Question: parRapply in BiocParallel ?
1
gravatar for kevin.rue
3.3 years ago by
kevin.rue220
University of Oxford
kevin.rue220 wrote:

Hi all,

I have a feeling this is an easy one, but browsing the forum and the BiocParallel vignette, I can't find it.

Is there a BiocParallel equivalent of parRapply?

I have a nice MulticoreParam object to handle parallel computing, and if I could I would like to avoid making a separate cluster using the parallel package.

 

For context, I would like to apply a function to each row of the geno(vcf)[["GT"]] matrix to calculate the allele frequency of each variant (AF = 1*[0/1] + 2*[1/1]).

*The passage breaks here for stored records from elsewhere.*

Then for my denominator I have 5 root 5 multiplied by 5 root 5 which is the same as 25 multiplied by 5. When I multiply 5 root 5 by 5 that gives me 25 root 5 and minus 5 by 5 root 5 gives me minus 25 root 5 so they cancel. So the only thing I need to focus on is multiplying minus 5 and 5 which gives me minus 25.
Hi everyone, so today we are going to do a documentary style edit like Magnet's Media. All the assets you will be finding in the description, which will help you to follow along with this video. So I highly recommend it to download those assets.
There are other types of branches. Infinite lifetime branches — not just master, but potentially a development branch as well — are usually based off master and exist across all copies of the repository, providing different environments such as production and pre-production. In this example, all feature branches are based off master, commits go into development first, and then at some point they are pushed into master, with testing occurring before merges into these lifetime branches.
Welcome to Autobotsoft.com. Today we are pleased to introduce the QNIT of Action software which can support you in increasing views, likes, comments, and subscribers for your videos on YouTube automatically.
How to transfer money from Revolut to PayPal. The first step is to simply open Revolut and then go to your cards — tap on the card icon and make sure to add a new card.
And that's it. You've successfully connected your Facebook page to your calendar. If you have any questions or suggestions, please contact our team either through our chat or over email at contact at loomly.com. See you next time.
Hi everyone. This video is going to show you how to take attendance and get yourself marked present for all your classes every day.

I have ~80k thousand variants that I would like to reduce by filtering those > 1% MAF.

...except if I am missing an existing function that does part or all that I want? The reason why I am calculating it myself is that there are some funky genotypes in there (1/0, ./1, 0/.,  and more) which makes me wonder how the AF field of the VCF is calculated. At this stage, I simply prefer calculating the AF checking genotypes myself.

Cheers!

==== EDIT to add example ===

Thanks for both your comments.

Here is a made-up example:

# Define accepted genotypes
refG = c("0/0")
altHet = c("0/1")
altHom = c("1/1")
# A sample of genotypes observed in the VCF file
allG = c(
  "0/0", "0", "1/1",
  "1/0", "1", "2",
  ".", "./.", "./0", "./1", "0/.", "1/.")

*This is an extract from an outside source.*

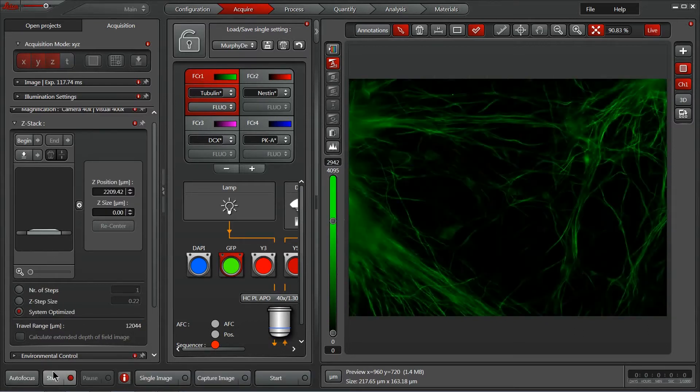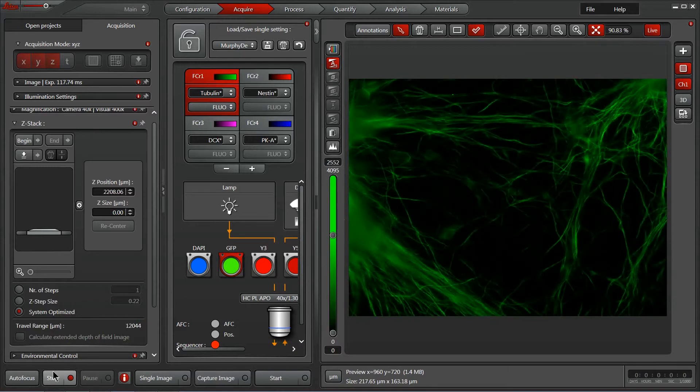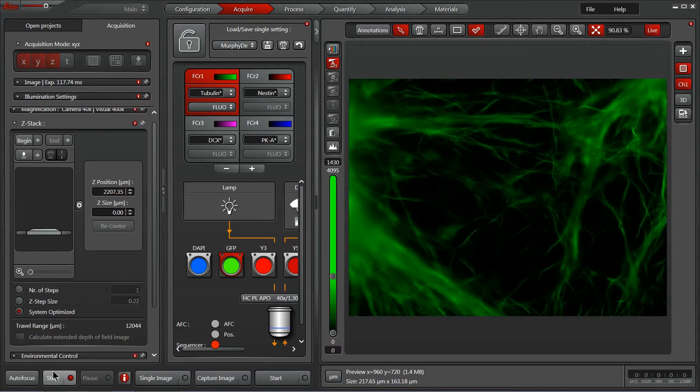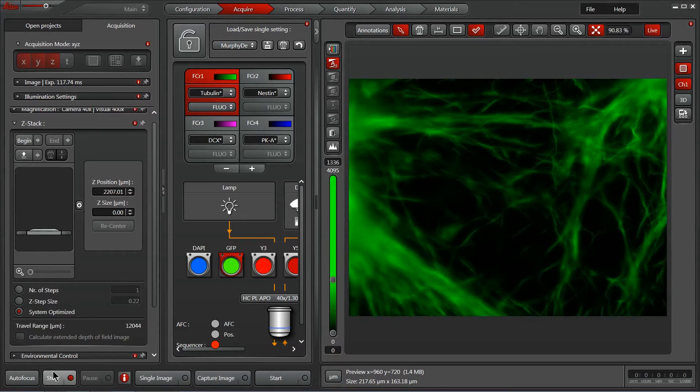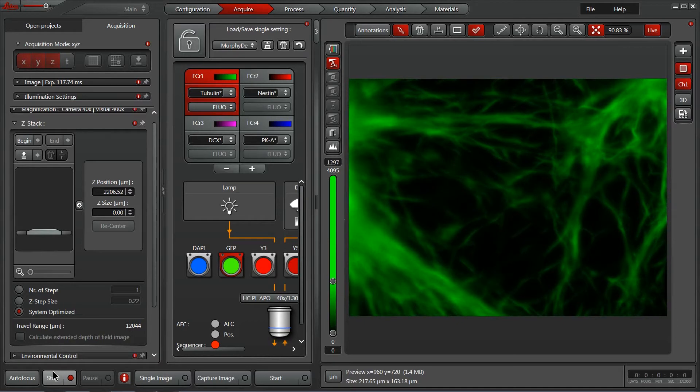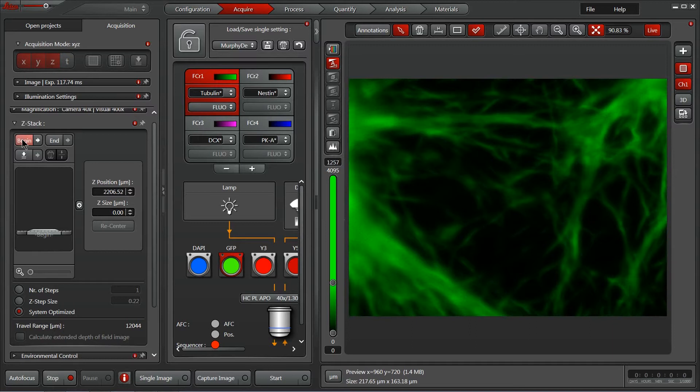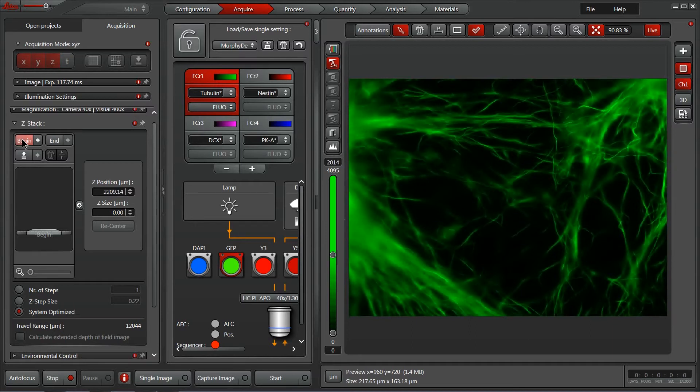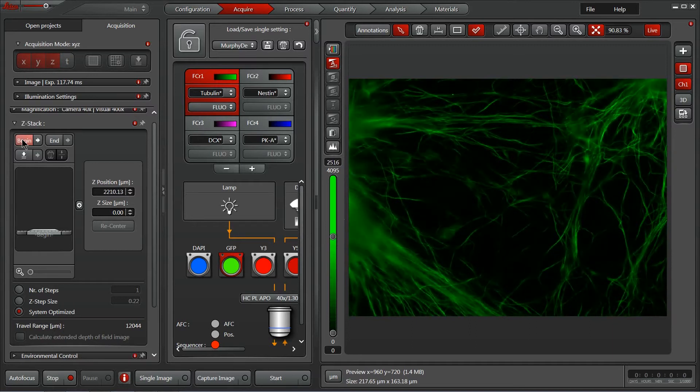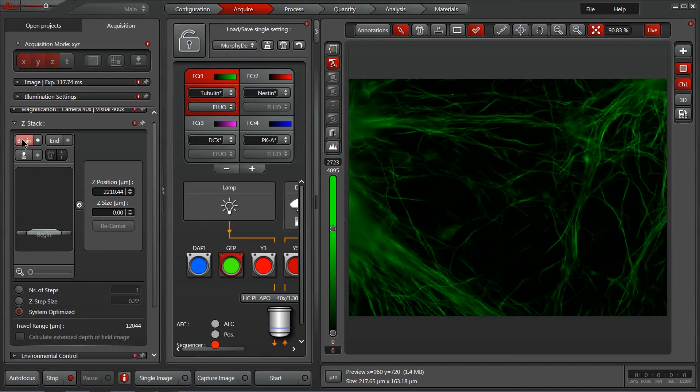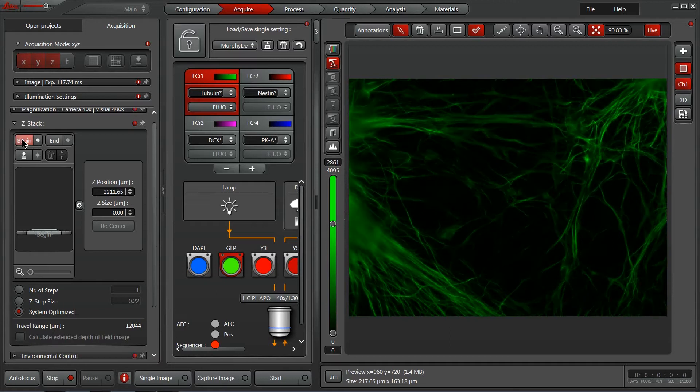Utilize the microscope Z-focus control to go slightly out of focus on one side here. I'm going to click begin. I want to be just slightly out of focus because I'm going to run deconvolution on this which will reassign that out of focus light to the right place.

# Make up a matrix like the one obtained using VariantAnnotation
genos <- matrix(
  data = sample(
    x = allG, size = 1E6, replace = TRUE,
    prob = c(rep(0.25, 3), rep(0.25/9, 9))),
  nrow = 1E3,
  ncol = 1E3)
dim(genos)
genos[1:4,1:4]

# My current solution to calculating MAF considering "accepted" genotypes
minorAlleleFreq <- function(genos, refGenos, altHetGenos, altHomGenos){
  tableCounts <- table(factor(
    x = genos,
    levels = c(refGenos, altHetGenos, altHomGenos)
  ))
  alleleCount <- tableCounts[altHetGenos] + 2 * tableCounts[altHomGenos]
  alleleNumber <- 2 * sum(tableCounts)
  return(alleleCount / alleleNumber)
}
mafs <- apply(
  X = genos,
  MARGIN = 1,
  FUN = minorAlleleFreq,
  refGenos = refG,
  altHetGenos = altHet,
  altHomGenos = altHom)

# For your eyes only :)
hist(mafs)

I am just wondering if there was a more efficient way to calculate mafs above.

Cheers!

ADD COMMENTlink modified 3.2 years ago by Michael Lawrence11k • written 3.3 years ago by kevin.rue220

There isn't a parRapply equivalent. But can you provide more detail, maybe with an example using one of the vcf files that comes with VariantAnnotation or a simple matrix constructed 'by hand' of what you want to calculate? I'd guess that there is a vectorized version of the calculation that will be very fast, so no need for parallel evaluation.

ADD REPLYlink modified 3.2 years ago • written 3.2 years ago by Martin Morgan ♦♦ 23k

Martin is right, there has to be a faster way than looping, and it doesn't make sense to use rapply over a genotype matrix anyway, since there is only a single level of nesting. To avoid the nesting entirely, call expand(vcf) and then use conventional matrix operations.

ADD REPLYlink written 3.2 years ago by Michael Lawrence11k
Answer: parRapply in BiocParallel ?
3
gravatar for Michael Lawrence
3.2 years ago by
United States
Michael Lawrence11k wrote:

Here is one simple thing that is about 8X faster:

    nHet <- rowSums(genos == altHet)
    nHom <- rowSums(genos == altHom)
    nRef <- rowSums(genos == refG)
    af <- (nHet + 2 * nHom) / (2 * (nHet + nHom + nRef))

 

 

ADD COMMENTlink written 3.2 years ago by Michael Lawrence11k

Thanks so much.

One thing though is that I am dealing with a more general situation, where refG, altHet and altHom can be vectors of genotypes, such as in the case of altHet = ["0/1", "1/0"] or partially phased genotypes where refHet = ["0|0", "0/0"] and so on.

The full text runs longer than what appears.